Godela: Physics-informed ML model runs CFD simulations 4,500x faster than GPU-accelerated solvers
Jun 11, 2025 with Cinnamon
Key Points
- Godela's physics-informed ML model claims 4,500x speed advantage over GPU-accelerated CFD solvers, cutting a two-week MacBook simulation to hours.
- The startup signed a $25,000 annual contract with an engineering firm to replace ANSYS within two weeks of launch, targeting aerospace and defense customers.
- Godela encodes fluid meshes into latent space and applies symbolic regression to handle multi-physics problems where traditional simulators fail entirely.
Summary
Godela is building a physics-informed ML model to replace computational fluid dynamics (CFD) software for mechanical engineers. Co-founder Cinnamon is a mechanical engineer who built hardware at Apple, Google, and the Stanford Linear Accelerator Center. Co-founder Abujet is a researcher from Stanford, Harvard, and Intel.

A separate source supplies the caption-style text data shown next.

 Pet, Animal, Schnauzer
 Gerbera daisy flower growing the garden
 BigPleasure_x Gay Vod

The model runs 4,500x faster than GPU-accelerated CFD solvers. Instead of reinforcement learning, the system encodes fluid meshes into a low-dimensional latent space and applies symbolic regression to extract generalizable physics. The founders argue this outperforms standard ML models on novel geometries and conditions.
The company targets two problems. Speed is the first: a drop simulation on a 14-inch MacBook Pro takes two weeks using conventional software and achieves around 70% accuracy. Second is coverage: physics-informed ML handles multi-physics and multi-scale problems where traditional equations break down, filling gaps that conventional simulators cannot address.

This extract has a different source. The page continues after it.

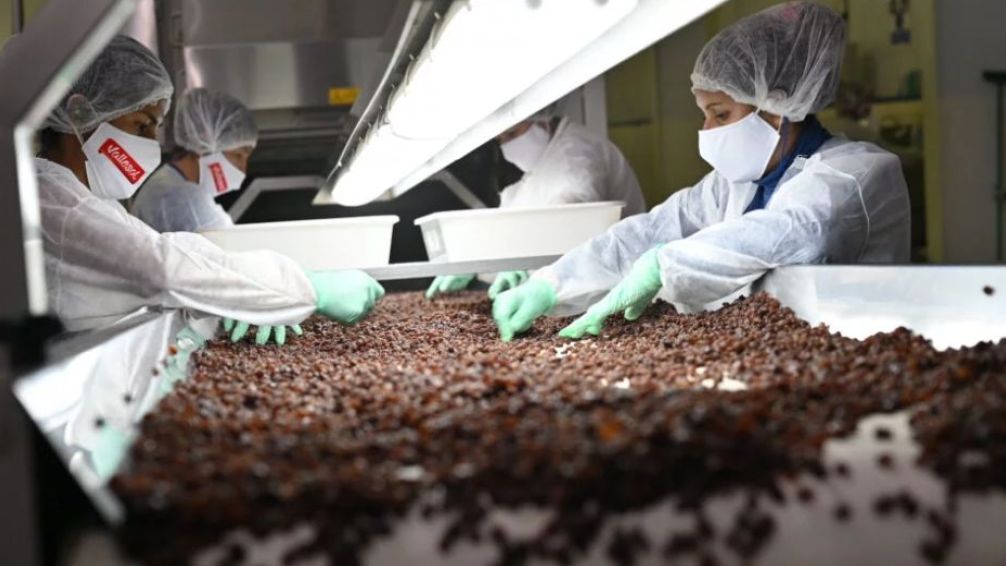 exportacion de pasas muestra 2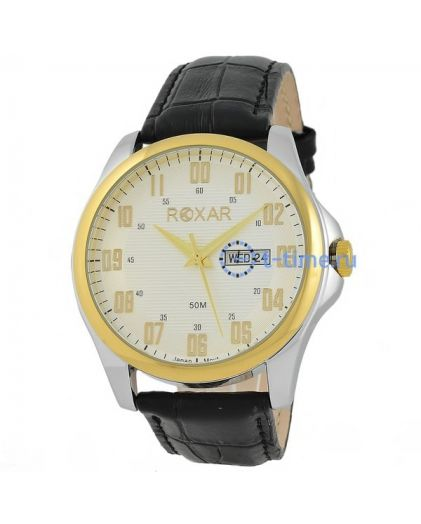ROXAR GB864G2GS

Two weeks after launch, Godela signed a $25,000 annual contract with an engineering firm to replace ANSYS, the $30 billion incumbent. The stronger near-term opportunity, according to the founders, lies with enterprise customers facing high-value simulation problems without adequate existing solutions. Aerospace, consumer electronics, and defense are the stated target sectors.
The team consists of three people plus one advisor. A fundraise was in progress at the time of the interview, with terms not yet disclosed.